Ascending triangle broke to the downside - further selling?

Short
FX:USDJPY   U.S. Dollar / Japanese Yen
USD/JPY:

Monthly timeframe:

(Technical change on this timeframe is often limited though serves as guidance to potential longer-term moves)

Since kicking off 2017, USD/JPY has been busy carving out a descending triangle pattern (118.66/104.62). February had price elbow a touch outside the upper boundary of the aforementioned descending triangle to 112.22, though retreated lower and produced a shooting star pattern into the month’s end.
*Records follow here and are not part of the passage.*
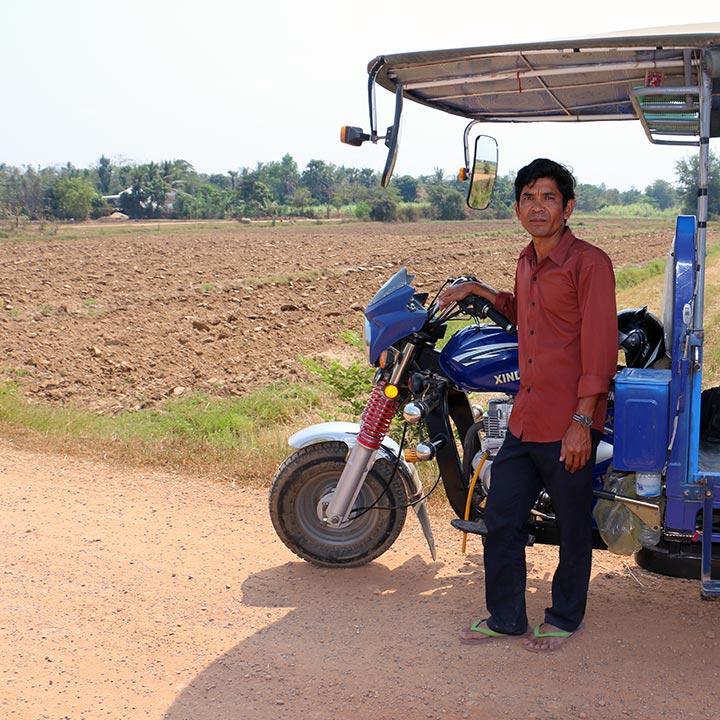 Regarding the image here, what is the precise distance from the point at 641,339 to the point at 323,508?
1687mm

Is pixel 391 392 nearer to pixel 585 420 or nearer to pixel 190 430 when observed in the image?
pixel 585 420

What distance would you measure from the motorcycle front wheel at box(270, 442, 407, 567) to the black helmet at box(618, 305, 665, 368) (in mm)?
1250

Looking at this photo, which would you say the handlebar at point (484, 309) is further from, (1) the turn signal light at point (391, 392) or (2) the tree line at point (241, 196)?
(2) the tree line at point (241, 196)

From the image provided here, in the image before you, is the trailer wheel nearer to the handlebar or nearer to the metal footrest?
the metal footrest

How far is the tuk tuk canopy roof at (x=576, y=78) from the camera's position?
3.36 m

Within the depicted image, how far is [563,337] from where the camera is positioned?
11.9ft

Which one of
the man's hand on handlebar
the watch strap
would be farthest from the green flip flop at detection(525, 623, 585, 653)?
the man's hand on handlebar

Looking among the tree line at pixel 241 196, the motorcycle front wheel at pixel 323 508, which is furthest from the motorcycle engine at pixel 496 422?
the tree line at pixel 241 196

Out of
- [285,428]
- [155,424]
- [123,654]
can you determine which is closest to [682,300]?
[123,654]

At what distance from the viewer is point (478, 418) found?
4.37m

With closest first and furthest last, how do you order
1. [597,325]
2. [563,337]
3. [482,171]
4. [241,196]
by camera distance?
[597,325], [563,337], [482,171], [241,196]

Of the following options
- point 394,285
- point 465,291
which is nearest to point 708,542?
point 465,291

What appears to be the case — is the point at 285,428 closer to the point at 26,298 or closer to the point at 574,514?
the point at 574,514

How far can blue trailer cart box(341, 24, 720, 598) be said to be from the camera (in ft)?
11.1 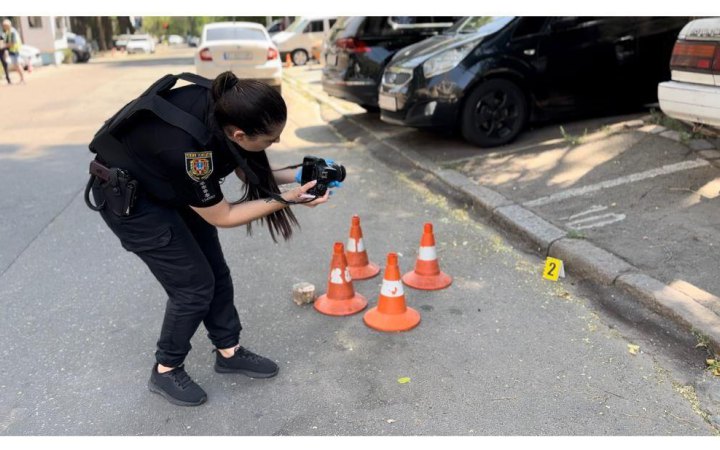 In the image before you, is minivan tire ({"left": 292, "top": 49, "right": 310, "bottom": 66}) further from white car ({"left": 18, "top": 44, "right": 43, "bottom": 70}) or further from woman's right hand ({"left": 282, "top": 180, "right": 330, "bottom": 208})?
woman's right hand ({"left": 282, "top": 180, "right": 330, "bottom": 208})

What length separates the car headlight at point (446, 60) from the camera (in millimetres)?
6996

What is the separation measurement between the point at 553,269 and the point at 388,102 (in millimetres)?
3907

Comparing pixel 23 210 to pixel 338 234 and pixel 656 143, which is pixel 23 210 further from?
pixel 656 143

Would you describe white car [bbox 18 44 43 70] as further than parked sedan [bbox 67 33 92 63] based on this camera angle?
No

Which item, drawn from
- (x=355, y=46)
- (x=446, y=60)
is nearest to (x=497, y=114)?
(x=446, y=60)

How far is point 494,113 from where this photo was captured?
717 cm

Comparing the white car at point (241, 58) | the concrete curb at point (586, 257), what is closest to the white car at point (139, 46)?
the white car at point (241, 58)

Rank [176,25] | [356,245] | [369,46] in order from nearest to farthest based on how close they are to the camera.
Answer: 1. [356,245]
2. [369,46]
3. [176,25]

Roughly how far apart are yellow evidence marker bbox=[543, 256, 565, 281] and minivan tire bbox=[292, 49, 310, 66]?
21.0m

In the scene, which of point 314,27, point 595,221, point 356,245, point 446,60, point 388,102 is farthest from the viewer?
point 314,27

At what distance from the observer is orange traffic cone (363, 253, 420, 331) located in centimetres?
357

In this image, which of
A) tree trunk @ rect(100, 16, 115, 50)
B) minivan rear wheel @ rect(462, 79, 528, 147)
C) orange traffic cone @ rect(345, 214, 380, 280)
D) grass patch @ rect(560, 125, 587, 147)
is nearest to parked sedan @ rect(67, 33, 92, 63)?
tree trunk @ rect(100, 16, 115, 50)

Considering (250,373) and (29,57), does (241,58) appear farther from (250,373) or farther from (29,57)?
(29,57)

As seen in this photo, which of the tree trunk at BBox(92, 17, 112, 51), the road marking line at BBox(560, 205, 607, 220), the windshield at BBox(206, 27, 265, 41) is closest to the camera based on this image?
the road marking line at BBox(560, 205, 607, 220) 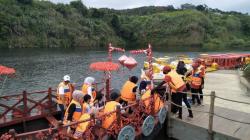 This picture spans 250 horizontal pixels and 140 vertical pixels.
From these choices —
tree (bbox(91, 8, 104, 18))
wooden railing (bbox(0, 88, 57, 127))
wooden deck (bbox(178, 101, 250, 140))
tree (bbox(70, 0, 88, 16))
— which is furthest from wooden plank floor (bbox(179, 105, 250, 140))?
tree (bbox(91, 8, 104, 18))

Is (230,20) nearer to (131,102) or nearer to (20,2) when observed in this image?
(20,2)

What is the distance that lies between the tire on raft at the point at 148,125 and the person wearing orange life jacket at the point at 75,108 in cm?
238

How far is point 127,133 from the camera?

March breached the lower edge of the descending triangle, yet has recovered in strong fashion, leaving nearby demand at 96.41/100.81 unchallenged. Note current action is seen fading the descending triangle’s upper boundary.

Daily timeframe:

Since the beginning of the week, candlestick analysis emphasised an indecisive tone ahead of supply at 112.64/112.10. Thursday, however, put in a dominant bearish candle, filling a large portion of its body, and is now poised to grip the 200-day SMA value, currently circulating around the 108.31 region.

Beyond the noted SMA, price is tipped to soften towards demand posted at 105.70/106.66.

H4 timeframe:

Technicians will note the ascending triangle formation (black lines 111.47/109.33) had price break to the downside in early trade Thursday and also dethroned channel support (101.18). Active buying is unlikely to emerge on this timeframe until crossing paths with the 38.2% Fib retracement at 107.66.

H1 timeframe:

Starved of support, USD weakness across the board prompted a feisty decline Thursday, upsetting both 111 and 110 levels, with price currently trading within striking distance of 109. Demand, as you can see, is also present at 108.84/109.23, reinforcing the said round number. A violation of the current demand lays the foundation for a possible move to 108.

Structures of Interest:

Monthly, daily and H4 timeframes underscore the possibility of further losses, with the 200-day SMA at 108.31 set as an initial downside target, followed by 108 on the H1 and then the 38.2% Fib retracement noted on the H4 at 107.66.

As a result, a recovery from the current H1 demand at 108.84/109.23 is unlikely to generate much in terms of upside today. A H1 close beneath the zone, therefore, may unlock the door for bearish scenarios to 108.31.